## WHAT THE TASK ASKS
All that is wanted is the exact text of the lines below from the one with "Sfilo - Escalera" through the one with "Радоница в Александро-Невской Лавре", inclusive, minus any pictures.

## PROVIDED DATA

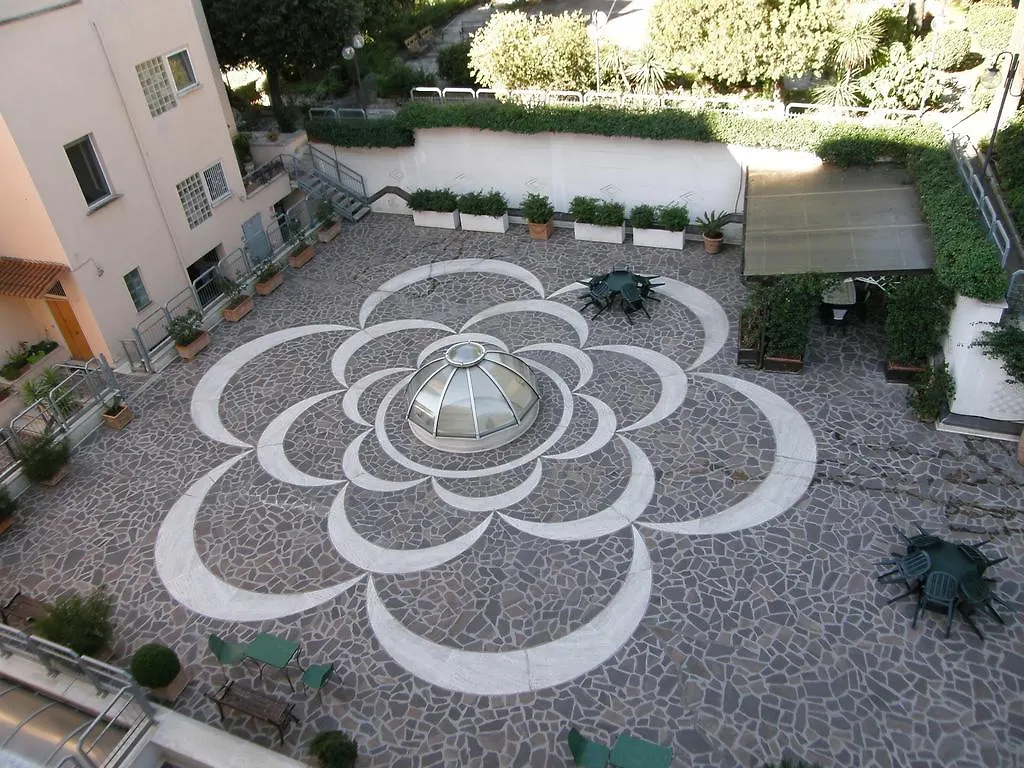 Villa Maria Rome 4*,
* * *
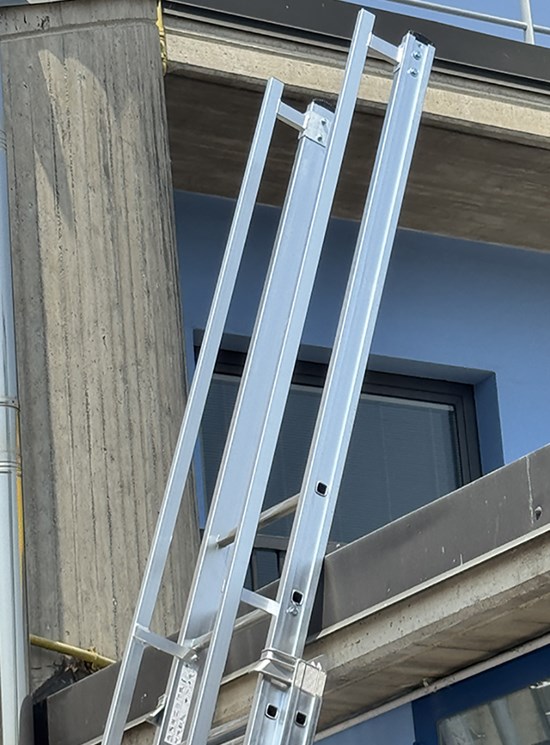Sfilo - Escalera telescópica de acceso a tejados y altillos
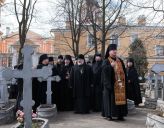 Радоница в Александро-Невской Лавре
--
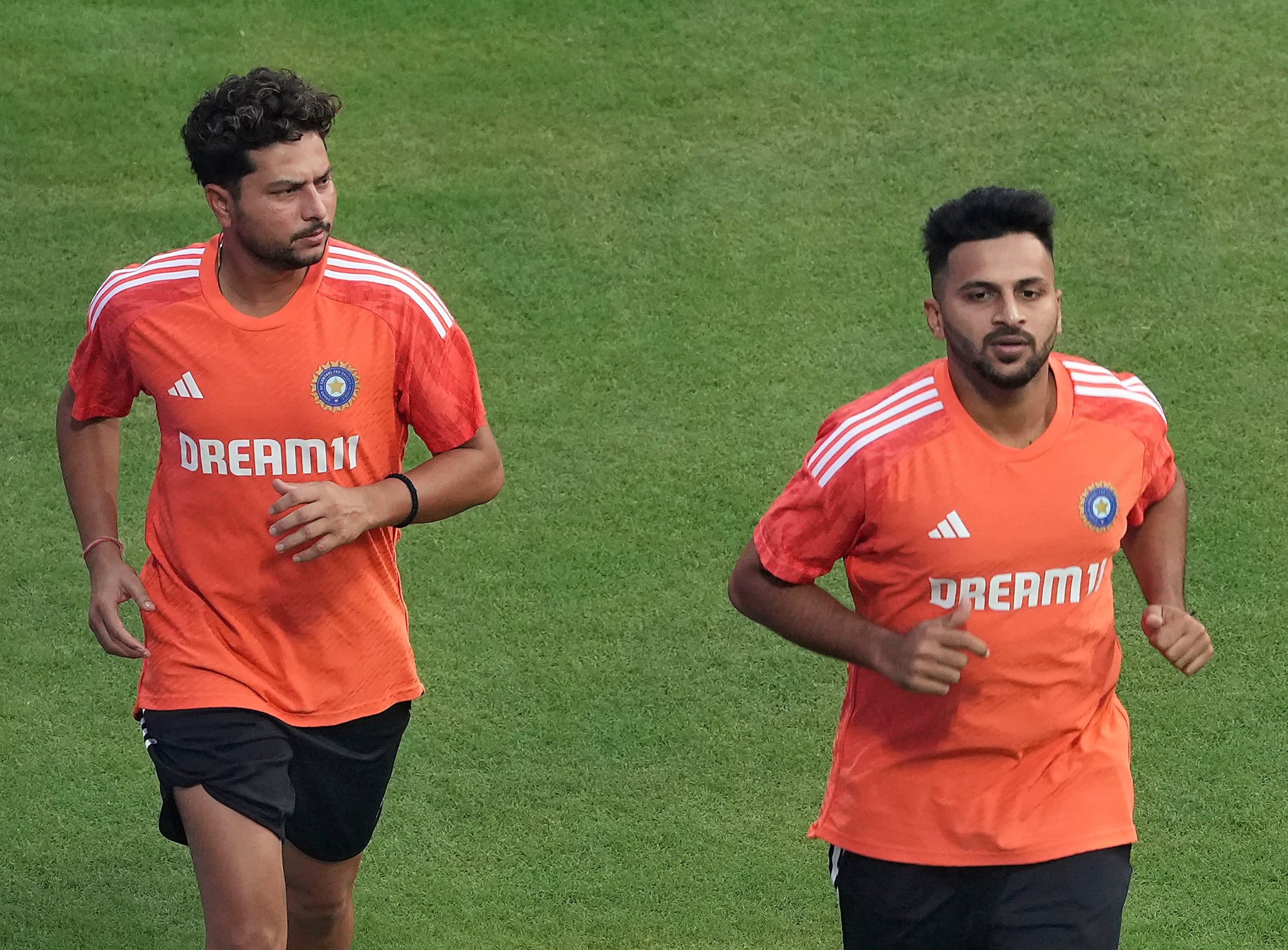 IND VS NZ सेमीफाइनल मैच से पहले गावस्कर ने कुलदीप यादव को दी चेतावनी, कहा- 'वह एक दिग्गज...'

## WRITTEN ANSWER
Sfilo - Escalera telescópica de acceso a tejados y altillos
 Радоница в Александро-Невской Лавре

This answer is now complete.